** Opening SOURCE MATERIAL block **

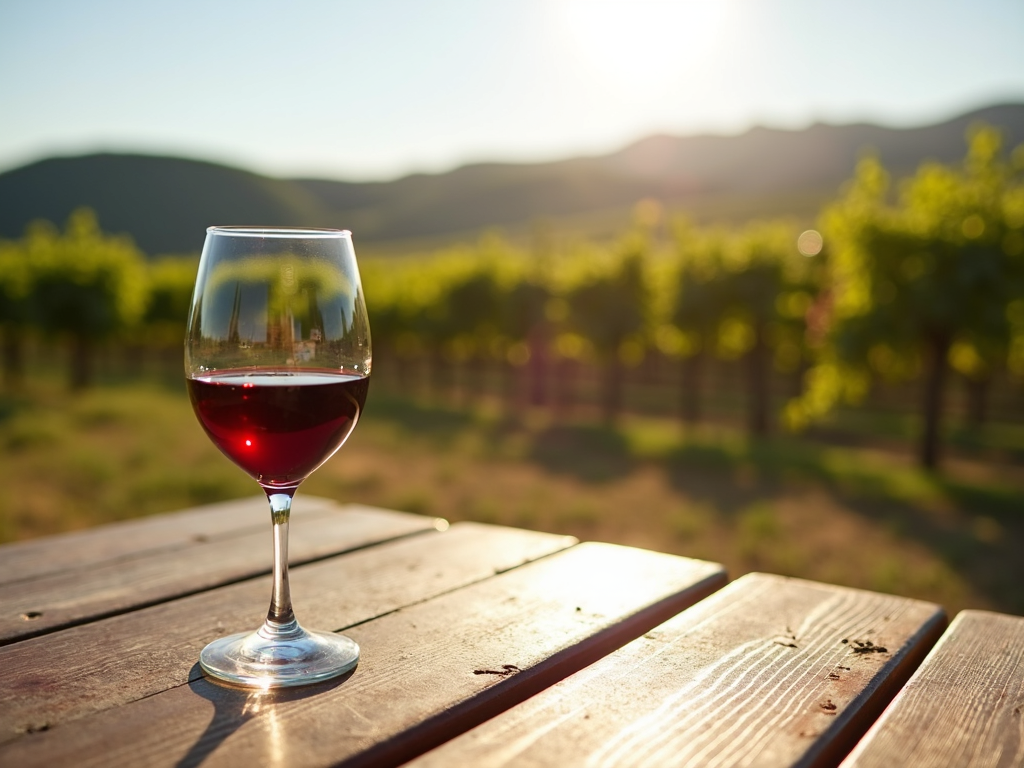 A glass of red wine in a vineyard, reflecting terroir in every sip.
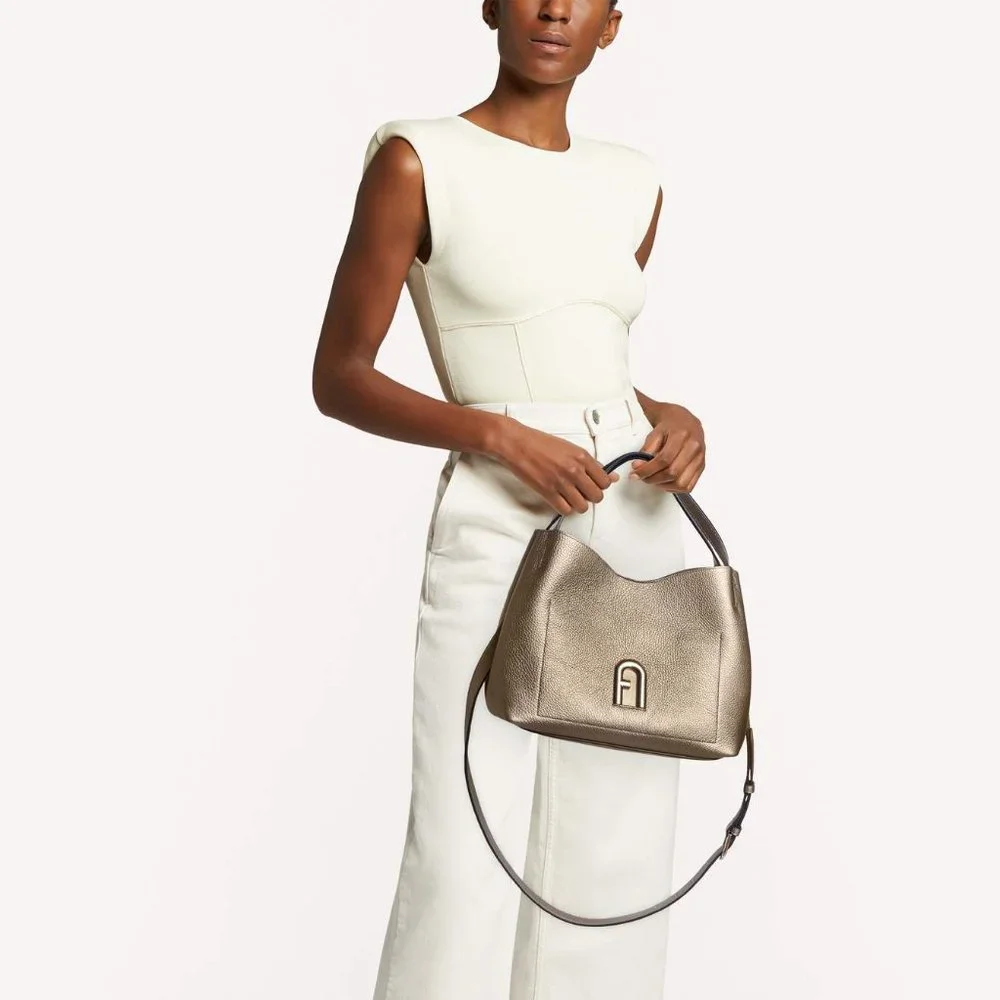 FURLA Primula Small Hobo Metallic Leather Bag Small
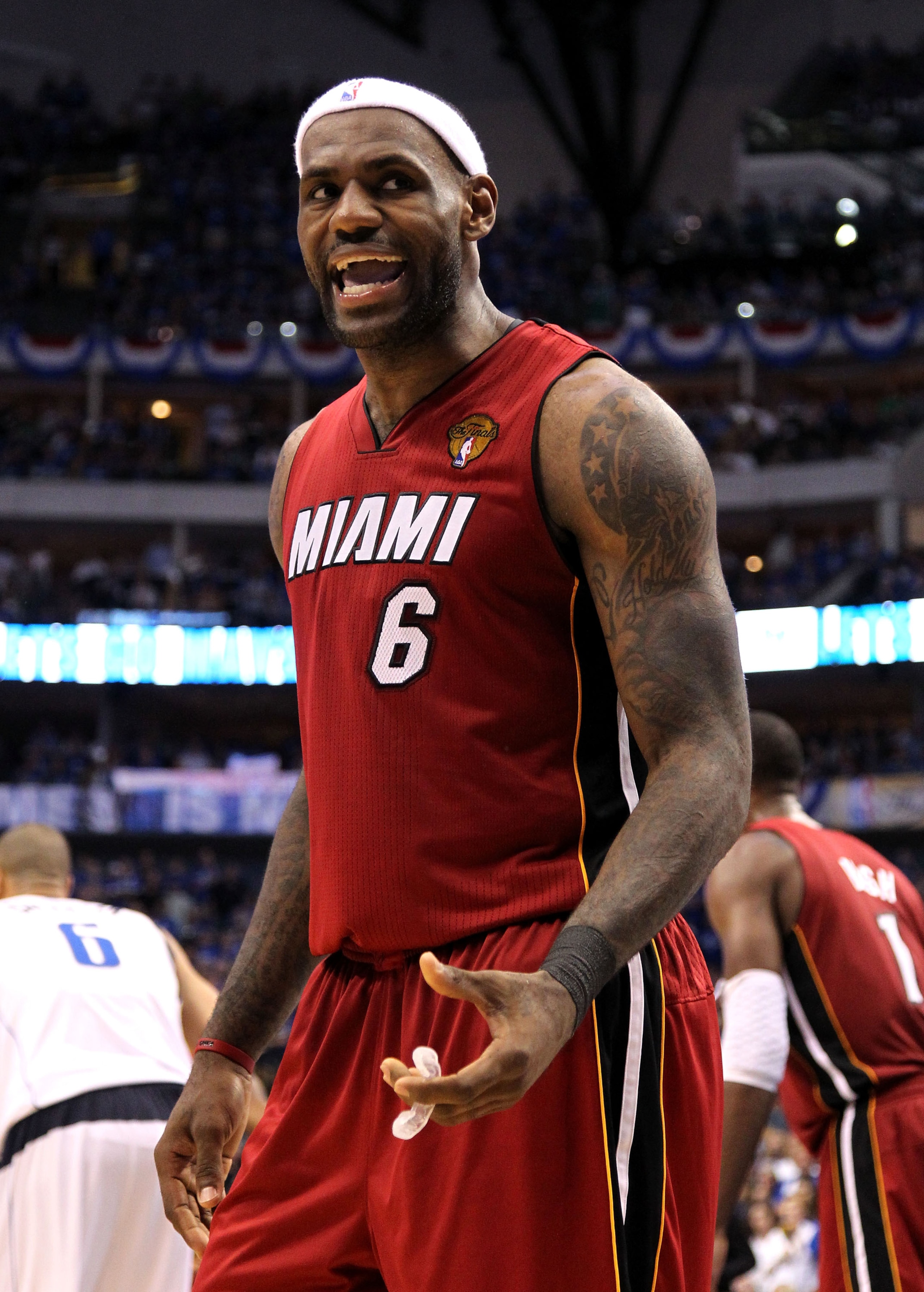 DALLAS, TX - JUNE 05:  LeBron James #6 of the Miami Heat reacts in the fourth quarter while taking on the Dallas Mavericks in Game Three of the 2011 NBA Finals at American Airlines Center on June 5, 2011 in Dallas, Texas.  NOTE TO USER: User expressly ack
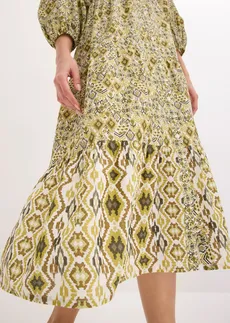 Robe midi en coton léger • blanc nacré/vert nature imprimé • Boutique bonprix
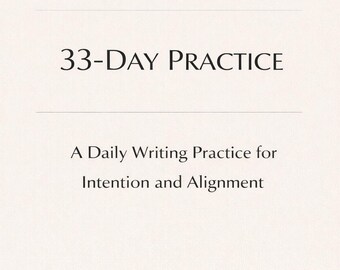 May include: Cream-colored graphic with the text "THE 369 METHOD" and "33-DAY PRACTICE." Below, it reads "A Daily Writing Practice for Intention and Alignment." The bottom of the graphic says "Intentional Seeking™."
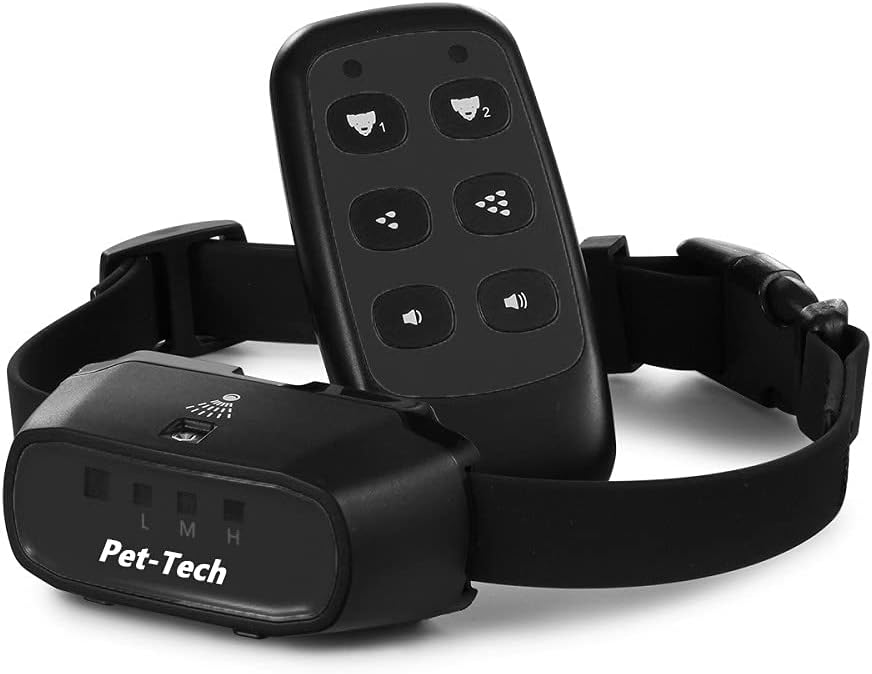 Citronella Spray auto Bark & Remote Training Collar up to 2 Dogs Barking no Shock (1 Collar + 1 Remote + 1 Refill)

** Closing SOURCE MATERIAL block **

* **WHAT THE TASK ASKS**: Your reply should consist solely of the lines from the one containing "Robe midi en" through the last line of the material, reproduced exactly and without pictures.

* **RESPONSE AREA**:
 Robe midi en coton léger • blanc nacré/vert nature imprimé • Boutique bonprix
 May include: Cream-colored graphic with the text "THE 369 METHOD" and "33-DAY PRACTICE." Below, it reads "A Daily Writing Practice for Intention and Alignment." The bottom of the graphic says "Intentional Seeking™."
 Citronella Spray auto Bark & Remote Training Collar up to 2 Dogs Barking no Shock (1 Collar + 1 Remote + 1 Refill)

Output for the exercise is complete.